The "most epidemiology studies are wrong", perhaps best advanced by John P. A. Ioannidis in Why Most Published Research Findings Are False both extremely common and somewhat flawed, though there are absolutely some worthwhile points in his article.
Perhaps the one that amuses me the most is how readily it's been embraced conceptually, even though its argument is that...perhaps it shouldn't be.
Goodman and Greenland outline some problems with the paper here: http://www.plosmedicine.org/article/info:doi/10.1371/journal.pmed.0040168
Mainly, the flaw is in how Ioannidis structures his argument, such that the odds are stacked against certain types of studies, and the evidentiary value of effect measures and actual p-values, rather than just a binary "Is/is not >0.05", are discounted.
There are other examples of supposedly "wrong" findings later disproved (this usually goes in the form of an observational epidemiology study finding one thing, and a subsequent RCT finding something different) that can be traced back to the studies asking different things. An examplar paper might be: Hernán MA, Alonso A, Logan R, Grodstein F, Michels KB, Willett WC, Manson JE, Robins JM. Observational studies analyzed like randomized experiments: an application to postmenopausal hormone therapy and coronary heart disease (with discussion). Epidemiology 2008; 19:766-779.
What I take from all this is the following:
- Significance testing in and of itself is not proof. There's far more value in providing the p-value, and even more value in providing an actual estimate of effect.
- No study can provide singular, definitive proof of something. Not an observational study, and not an RCT (which are far from free of bias). Nor should any study claim to.

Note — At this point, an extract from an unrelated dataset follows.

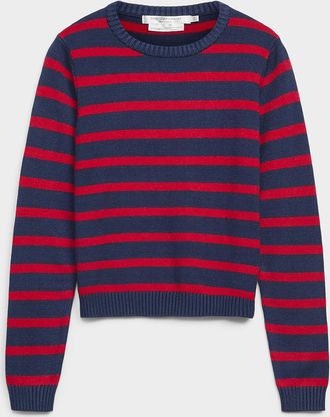 Contemporaine Womens Soft two-tone stripe sweater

- The question of "wrong" is an odd one in science. A more useful question would be "are most published results likely to advance their field?". Because a wrong study that provides fodder for further analysis, new methods and more thoughtful science is still profoundly useful.
EDIT.
There is an additional way to directly estimate the scale of the problem: try to reproduce reported research results. Though there are more reasons than the nature of statistical fluctuations to explain failure to reproduce results, the answers give an order of magnitude for the reliability of published research and Ioannidis' estimate. The botom line of such studies is that something like 2 out of 3 attempts to reproduce previous research fail to do so. For a more detailed summary see the answers here: Can up to 70% of scientific studies not be reproduced?